An Australian financial technology startup Wednesday will be demonstrating at the 2012 Technology Leaders Forum of the Securities Industry and Financial Markets Association.a market data 'switch' that can sent a feed out 50 different destinations in under 7 nanoseconds.

That, says Zeptonics of Sydney, makes the device "ideal for 'fan-out' trading applications,'' from sending out of market data to monitoring networks.

The device works like an electronic version of the old patch panel type of telephone switch, said hardware principal David Snowdon. Connections between ports can be patched and re-patched with remote management software.
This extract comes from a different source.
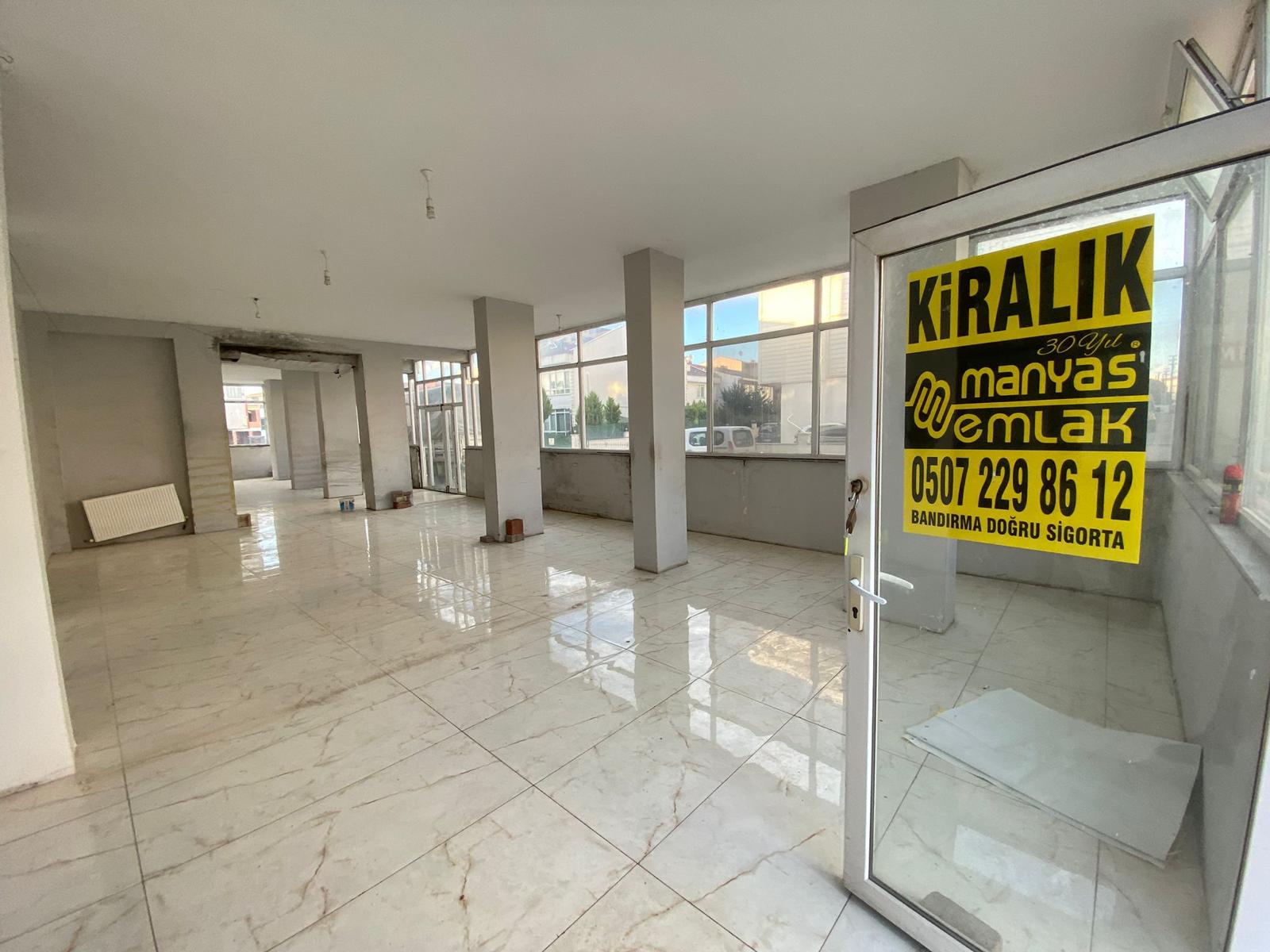 İHSANİYE KURTULUŞ CAD. KİRALIK 220 M2 DÜKKAN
The market data swithc is aimed at brokers. trading firms and exchange operators. The device, called a ZeptoLink, works almost 100 times faster than packet switches that currently send out multicasts of market data, to reach recipients, the company claims.

The ZeptoLink device will be commercially released by the end of the year and is a counterpart to the ZeptoMux, released earlier this month.

That device was billed as the "world's fastest switching device,'' taking data in from one wire and sending it back out to another wire in 130 nanoseconds, according to Snowdon.

That, he said at at the 2012 Technology Leaders Forum and Expo of the Securities Industry and Financial Markets Association. is about one-fourth the transit time of Arista Networks switches, by his estimate.

Arista Networks is the brainchild of Sun Microsystems co-founder Andy Bechtolsheim.